Hardcover published by Front Street Press on March 1, 2010

Paperback Published by Boyds Mills Press on September 1, 2012

Eddy is a kid with autism who is super-smart, but has trouble understanding other people. It makes it hard for him to make friends. At first Eddy didn’t want  to be associated with the name Thomas Edison (Eddy’s name is Edison Thomas) but after doing a school research project on Edison, Eddy figures out they have a lot in common. Eddy is a genius and can invent all sorts of things from scraps of machines he finds. Eddy enters the school science fair  and is sure he will win, but he comes in third. After he was disappointed at the science fair, sticky notes with mean messages like “GEEK” and “NERD” appear on his locker. Someone also put a mean sign on his back during the science fair. Eddy is being bullied and he doesn’t know who to call a friend anymore. Justin, who came in 2nd at the science fair tells Eddy that the boy Eddy thinks of as a friend, Mitch, is the one leaving the mean messages and bullying him. Eddy doesn’t know who to trust and if Mitch is the one being a bully, Eddy wonders if he can have friends.

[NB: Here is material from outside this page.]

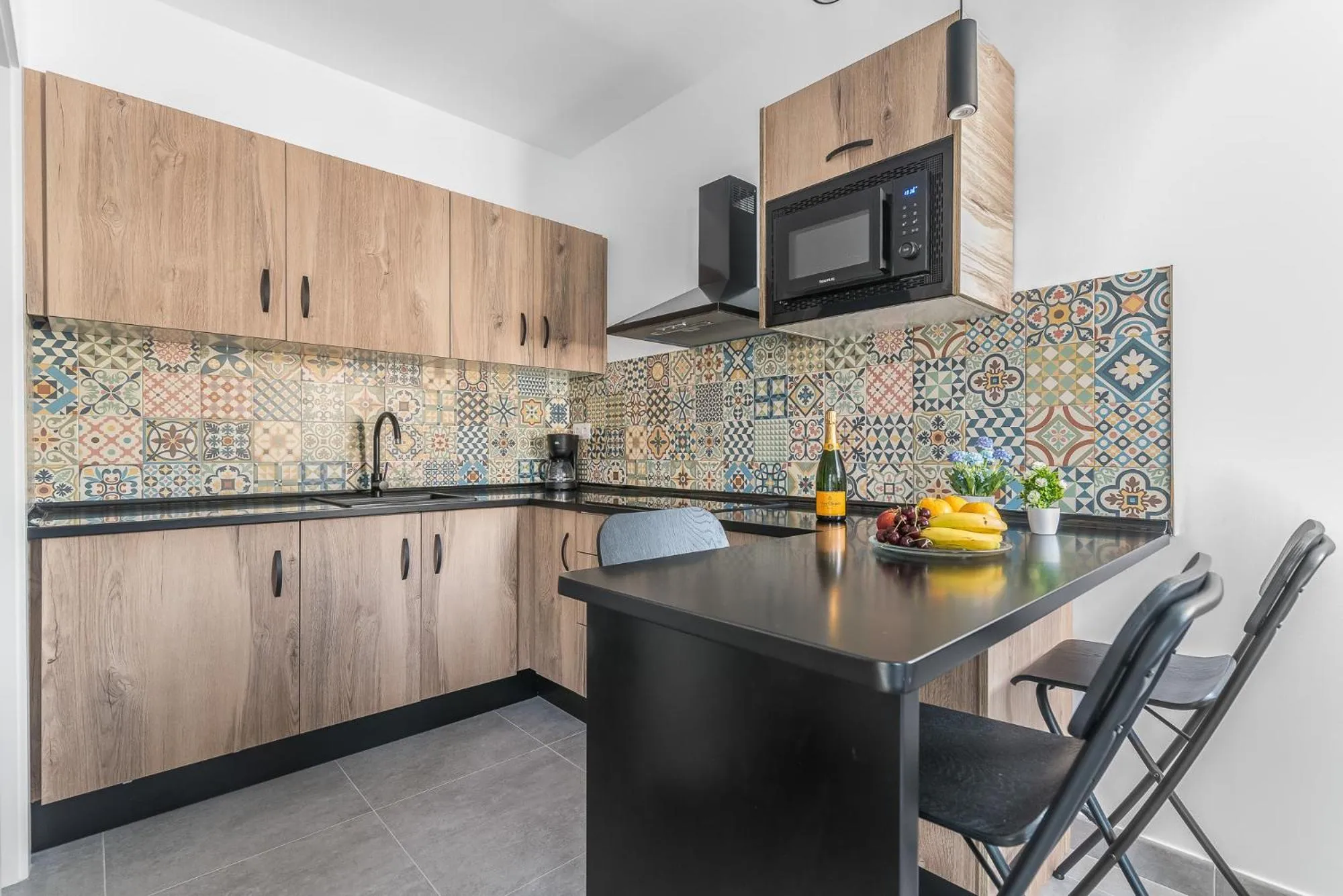 Kitchen or kitchenette in Open Sea Suites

One of the reasons I really like this book is that it is told from the POV of a kid with autism. I thought the character of Eddy was very believable and gave me some information of how a person with autism thinks. I like how the book points out that Eddy is super-smart and shows that just because someone has a “learning disability”, it doesn’t mean that they can’t be geniuses. It also shows how Eddy is very kind and a good person with awesome inventing abilities. I am also glad Eddy finds out who his true friends are. I really like the added RAMs (Random Access Memory [Of Edison Thomas]) that are here and there in the book. They are little facts that pop up here and there to show some of the things Eddy is thinking. I learned some interesting stuff from them (like that platypuses are poisonous). I think books like this one are very important for kids to read.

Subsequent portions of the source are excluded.